SUPPLIED DATA =

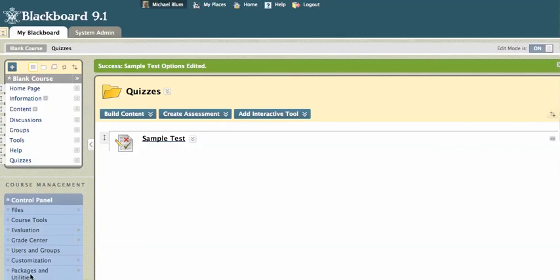Hi, this is Mike and in this tutorial I'm going to show you how to export your quizzes from one Blackboard site to another.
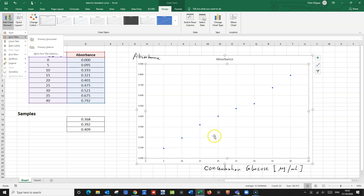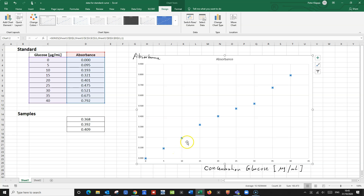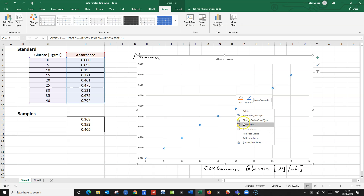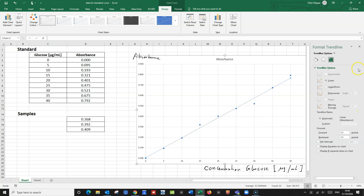We would really like to have a nice curve with a line in it so that we can relate our sample. The way to do that in Excel is you just left-click on one of the data points — they all get activated. Then you right-click on one of the data points, and you see another menu come up. Where it says 'Add Trendline,' click on that, and you come up with a new window. It automatically adds a line of best fit, and it looks pretty good.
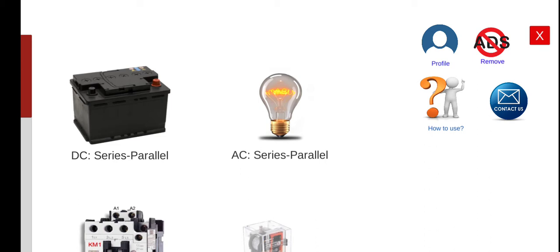Hi, good morning. Welcome again to this another series lecture about electrical wiring simulator. Today we will perform the third activity for the DC series parallel circuits.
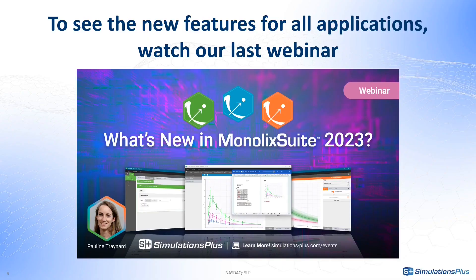Enjoy the new version of Monolix, and to see the new features for all applications in more detail, watch our last webinar to see the new Monolix Suite in action with the PKPD case study.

INSTRUCTIONS FOR THE TASK = Omitting all pictures, restate exactly the lines of the material from its start through the line that contains "Hi, good morning.".

REPLY TO THE TASK =
Hi, this is Mike and in this tutorial I'm going to show you how to export your quizzes from one Blackboard site to another.
We would really like to have a nice curve with a line in it so that we can relate our sample. The way to do that in Excel is you just left-click on one of the data points — they all get activated. Then you right-click on one of the data points, and you see another menu come up. Where it says 'Add Trendline,' click on that, and you come up with a new window. It automatically adds a line of best fit, and it looks pretty good.
Hi, good morning. Welcome again to this another series lecture about electrical wiring simulator. Today we will perform the third activity for the DC series parallel circuits.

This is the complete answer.